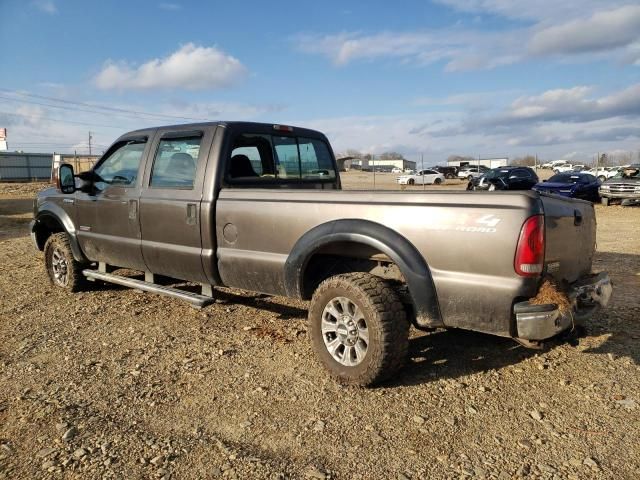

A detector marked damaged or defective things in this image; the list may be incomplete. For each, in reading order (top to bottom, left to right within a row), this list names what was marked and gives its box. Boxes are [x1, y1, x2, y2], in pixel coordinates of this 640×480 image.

damaged bumper [512, 274, 612, 342]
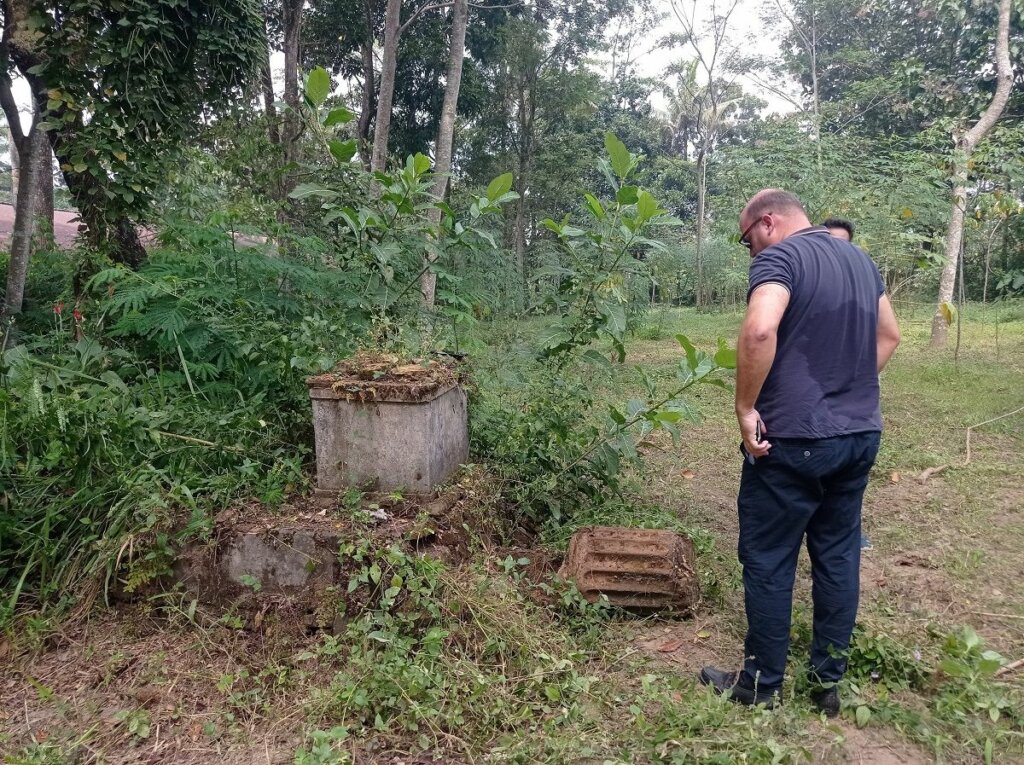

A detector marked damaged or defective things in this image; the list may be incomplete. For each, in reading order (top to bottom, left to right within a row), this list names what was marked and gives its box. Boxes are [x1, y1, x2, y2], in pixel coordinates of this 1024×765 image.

broken concrete block [557, 528, 700, 614]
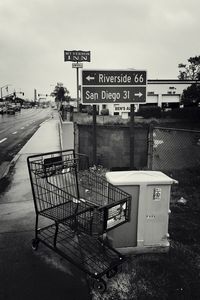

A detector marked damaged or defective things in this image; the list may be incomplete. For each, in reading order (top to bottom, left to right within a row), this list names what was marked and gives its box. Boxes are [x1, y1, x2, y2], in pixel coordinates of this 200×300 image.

damaged shopping cart [27, 150, 132, 292]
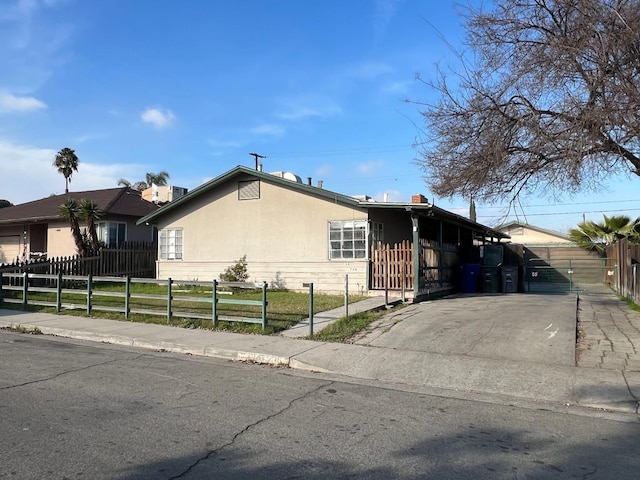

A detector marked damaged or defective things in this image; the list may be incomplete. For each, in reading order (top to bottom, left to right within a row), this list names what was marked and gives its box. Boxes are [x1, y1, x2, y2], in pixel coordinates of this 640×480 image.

road crack [168, 380, 338, 478]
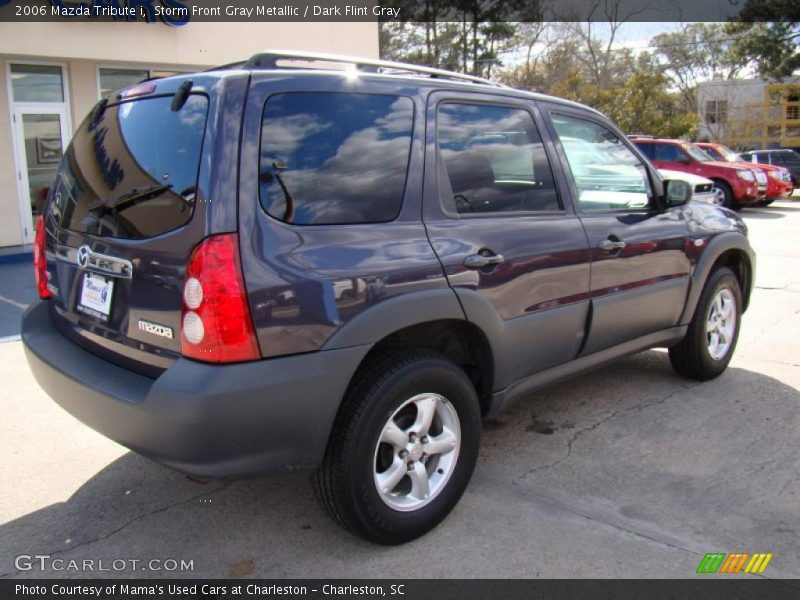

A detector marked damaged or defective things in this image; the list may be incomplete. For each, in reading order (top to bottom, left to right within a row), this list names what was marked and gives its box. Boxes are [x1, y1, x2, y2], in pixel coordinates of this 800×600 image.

pavement crack [512, 384, 700, 482]
pavement crack [0, 480, 231, 580]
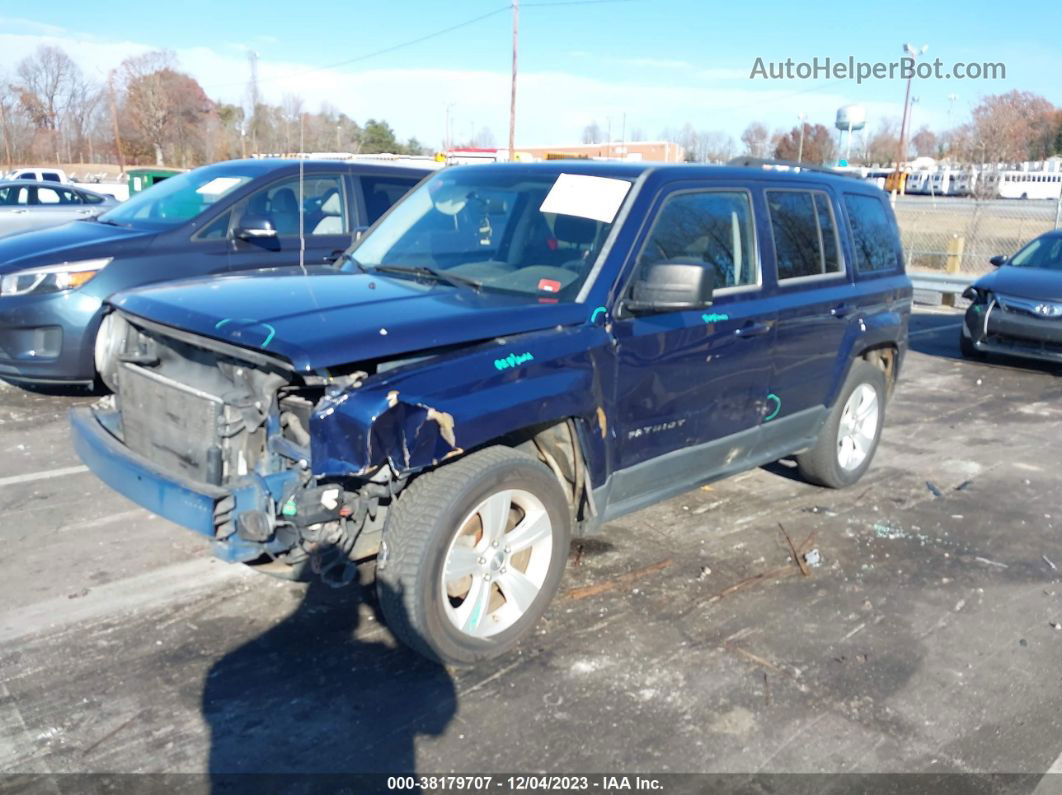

········

→ Task description
Begin at the line that contains "this 1024×765 image." and transcribe every line through the end of the listing, exactly as written. Omit the pictures.

→ Answer area
A detector marked damaged or defective things in this image; the list may be incomplete. For each, in reading order (top to bottom, left to right within a row), this list names what was marked and gives its box. Boxes are [x1, y1, x2, y2], in pixel coordinates of this 1024×765 image.

broken concrete block [557, 528, 700, 614]

A detector marked damaged or defective things in this image; the list may be incomplete. For each, in reading order (top to bottom, left to right within a row), this list names what was marked and gives its box. Boxes are [x1, y1, x2, y2], in pixel coordinates of this 200×300 image.

damaged shopping cart [27, 150, 132, 292]

A detector marked damaged or defective things in this image; the list may be incomplete. For each, in reading order (top to bottom, left to right within a row), this list names what was marked and gives its box. Boxes are [x1, y1, x2, y2], in pixel coordinates of this 640×480 image.

road crack [168, 380, 338, 478]

A detector marked damaged or defective things in this image; the list may be incomplete. For each, in reading order (top to bottom, left to right within a row), this list names what was marked and gives its box. Boxes are [x1, y1, x2, y2], in pixel coordinates of this 800×600 image.

pavement crack [512, 384, 700, 482]
pavement crack [0, 480, 231, 580]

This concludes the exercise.